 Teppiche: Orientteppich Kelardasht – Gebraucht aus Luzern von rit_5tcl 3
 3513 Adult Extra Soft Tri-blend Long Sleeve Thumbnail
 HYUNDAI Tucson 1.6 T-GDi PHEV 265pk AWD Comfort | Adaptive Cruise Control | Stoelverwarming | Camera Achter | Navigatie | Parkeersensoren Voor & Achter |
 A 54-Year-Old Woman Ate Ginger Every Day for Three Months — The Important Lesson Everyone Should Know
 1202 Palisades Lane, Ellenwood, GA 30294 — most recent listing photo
=-=-=-=-=
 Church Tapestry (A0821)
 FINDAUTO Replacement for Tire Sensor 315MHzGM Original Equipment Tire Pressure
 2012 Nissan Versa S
=-=-=-=-=
▸ **TASK**: When you reach the line in the material above that holds "FINDAUTO Replacement for", begin reproducing lines exactly, and stop after the line that holds "2012 Nissan Versa S".

▸ **TASK ANSWER**:
 FINDAUTO Replacement for Tire Sensor 315MHzGM Original Equipment Tire Pressure
 2012 Nissan Versa S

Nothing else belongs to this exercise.